At the end of the day Bradley wanted control and he drew a line in the sand. It worked out the way it worked out. Pawning it off on the city & county finances the way he did was the easy way out. Everyone would bite on that story line because it's not a lie - the city and the country are struggling. However, the funds for this project had already been committed and it's my belief all parties were ready to proceed with this project - if I'm wrong about that then so-be-it. 

Had Bradley just come out and said - hey look we'ere going to commit some additional University $$ to this project and we want to have control of the facility. At the end of the day I might have been more accepting to what went down. I didn't like the idea of piling on the city/county all while throwing THCVB in on it - don't believe that made for very good press for anyone involved. 

If you disagree with me (and many of you apparently do) then that's just the way it goes. I'm not going to change your mind and your not going to change mine. I'm glad they are going to renovate the HC, I hate the way it played out. The chest pounding in this thread about being right is hilarious - the only thing anyone was right about is Indiana State & Bradley wanting control over the contractor/the plans and about everything else. They wanted the city/county/thcvb money but they wanted them to stay out of the way...


----------



## BankShot

SycamoreStateofMind said:


> Still don't see it that way but that's okay...
> 
> At the end of the day Bradley wanted control and he drew a line in the sand. It worked out the way it worked out. Pawning it off on the city & county finances the way he did was the easy way out. Everyone would bite on that story line because it's not a lie - the city and the country are struggling. However, the funds for this project had already been committed and it's my belief all parties were ready to proceed with this project - if I'm wrong about that then so-be-it.
> 
> Had Bradley just come out and said - hey look we'ere going to commit some additional University $$ to this project and we want to have control of the facility. At the end of the day I might have been more accepting to what went down. I didn't like the idea of piling on the city/county all while throwing THCVB in on it - don't believe that made for very good press for anyone involved.
> 
> If you disagree with me (and many of you apparently do) then that's just the way it goes. I'm not going to change your mind and your not going to change mine. I'm glad they are going to renovate the HC, I hate the way it played out. The chest pounding in this thread about being right is hilarious - the only thing anyone was right about is Indiana State & Bradley wanting control over the contractor/the plans and about everything else. They wanted the city/county/thcvb money but they wanted them to stay out of the way...

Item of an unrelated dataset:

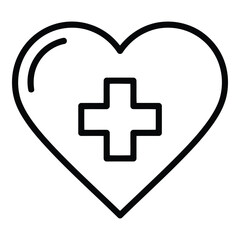 Fototapeta premium Heart with medical cross symbol.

http://www.orthoactivist.org/app/document/14479063;jsessionid=10xsq26no8yaf1o2jy8546zrf8

Pretty much explains the "posturing" involved...



This pic actually tells the story of the CIB inner workings (or lack thereof). Note Dr. Bradley's arms...

Any idea why the University would take this attitude re: TH contractors and local politics? It's the "big fish in the lil' pond" dichotomy, and Dr. Bradley saw no need to become entangled in a "net."


----------



## BankShot

Latest in TH "pay to play" court dynamics:

http://www.tribstar.com/news/terre-...cle_e52b2db0-98c6-11e7-894f-e72b19379aa3.html


----------



## southernindianaballer

I still think, as mentioned before, we will see an effort to move a convention center to the riverfront as part of the riverscape project.  TH says they have at least 35 million (probably 45 million) available and are still trying to find a way to get a convention center - as of yesterday.  Put it on the riverfront... bundle some money making activities with the diesel fest, farm shows, concerts, tractor pulls....   removable turf that would allow 20k spectators for football and soccer indoors which creates more consistent ticket sales for fall/winter sports.  Can it be done for 80 million after ISU pitches in a bit?  TH controls the convention center, ISU controls the Hulman Center - the way it should be, frankly IMHO.  I mean... Owensboro built their very nice convention center for 50 million.  TH needs to make theirs more versatile with one large convention space (among a few smaller spaces) that can handle concerts, football, etc.  Frankly, I think for 65 million, it can be done and be very nice.


----------



## BankShot

Not in your or my lifetime. There are major administrative/govt issues at play in TH/Vigo that simply won't disappear at the wave of a wand." They've existed for multi-decades and are indigenous to stable economic progress. Going to be very difficult to bring investment $$$ into the Wabash Valley with these issues of political instability & trust.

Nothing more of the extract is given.